Grant Mackay loves to create things. You can see it the minute you step inside his Salt Lake City headquarters. Colorful paintings hang on the walls in its three-story atrium, depicting life long ago in Salt Lake. An artist himself, Grant has done his fair share of painting, too. A sculpture, done by his own hands, sits in his office.
It is somewhat ironic then that a man who so loves the creative process would make his living tearing things down - and loving it. Since 1983, Grant Mackay Demolition Co. has grown into one of the largest demolition companies in the West.
Already, the company's resume is dotted with some of the highest profile projects in Utah history, most notably the demolition of the old Rice Stadium, which made way in 1997 for the facility that would hold the opening and closing ceremonies for the 2002 Winter Olympics. "We've been involved in some pretty high-profile jobs ever since," Grant says.
Starting from scratch
Grant worked at his father's demolition company while growing up. He studied to become an artist while in college, but the pressure of deadlines and the prospect of little pay for his efforts drove him back to the demolition business. However, when his father sold out in 1983, Grant faced a choice. "I thought, 'Gee, I don't want to work for somebody for the rest of my life.' So I went out and started my own company."
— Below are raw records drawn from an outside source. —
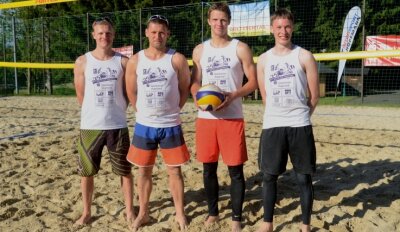 Volleyballer sind zurück am Netz - Der frühere Oelsnitzer Regionalligaspieler Falko Ahnert (2. von rechts) und sein Partner Jonas Grandel (rechts) aus Jena haben das Beachvolleyballturnier in Grünheide gewonnen. Ahnerts frühere Mannschaftskollegen beim VSV Oelsnitz Matthias und Jürgen Hanitzsch (von links) belegten den zweiten Platz. 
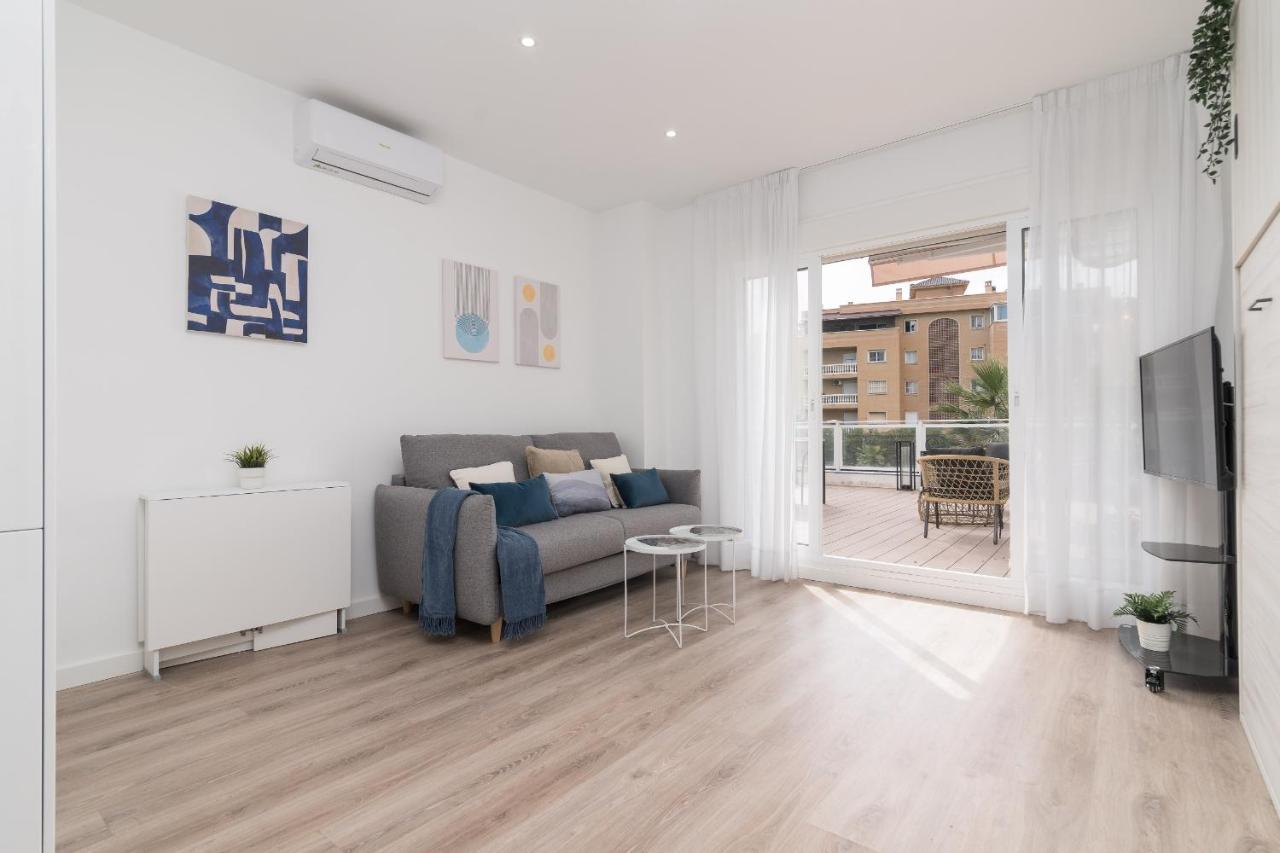 Suite Homes Hesperides Garden Beach Malaga Exterior photo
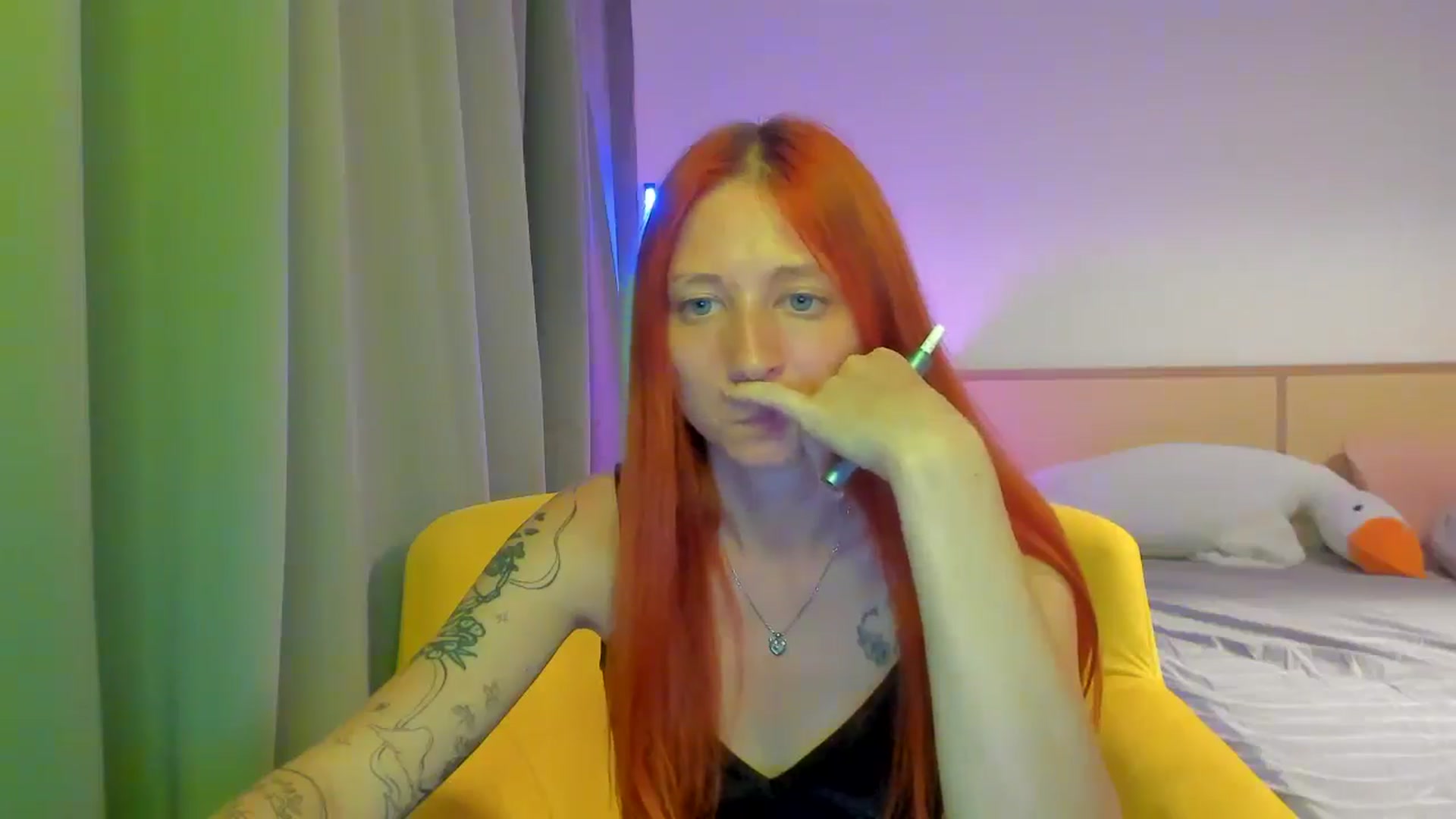 Gallery image thumbnail from Red_Succubus's myfreecams stream on, 08/03/2025, 20:13 image 18 of 20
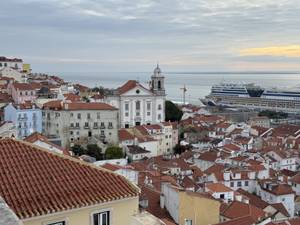 Lissabon - Tram 28 in Alfama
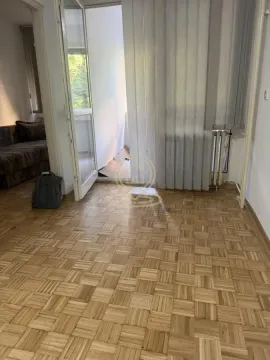 Dnevna soba sa parketom i izlazom na terasu. - image 11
Grant Mackay Demolition Co. started small. Its first job was an interior demolition project in a Salt Lake City building that now houses the federal courthouse. Grant mortgaged his house to finance the project.
From 2005 to 2007, the company conducted its largest job, demolishing the Geneva Steel mill, which sat on 1,800 acres in Vineyard, Utah. The job called for the removal of 260,000 tons of steel. "We moved twice that in concrete," Grant says.
'The middle of a war zone'
Currently, Mackay's company is clearing nearly two city blocks in downtown Salt Lake City to make way for the mixed-use City Creek Center, a huge open-air mall that will feature condominiums and retail.
Deep down in that pit, a full two stories below street level, you'll find Grant's instruments of choice - his brushes, if you will. They are a fleet of some of Volvo Construction Equipment's heaviest excavators, ranging from the 42-ton Volvo EC360B to the powerful 75-ton Volvo EC700B.
On this day, one of the latter effortlessly was loading a trailer with tons of concrete, sorting rebar from rubble as it worked. On the other side, a Volvo EC360B spent a few minutes dismantling an industrial-sized chiller, pushing it around like a tin can as it helped enable workers to salvage the thousands of dollars worth of copper contained within.
Grant Mackay Demolition Co. picked up its first Volvo excavator in 2000. "I haven't ever looked back," Grant says. "I really like the Volvos. I even like their paint jobs." But even with his artistic flair, this demolition contractor isn't concerned about looks. In demolition, you can't be. "What we do is like bringing a machine to Iraq or to the middle of a war zone, because that's really what we're doing," Grant says.
Project manager Joel Christiansen says he's thankful for the Volvos. "Me personally, I like them better than any of the other brands," he says. "This is a very hard business on an excavator. We've had much less breakage. Quite frankly, in eight months since we started this project, we haven't had a breakdown."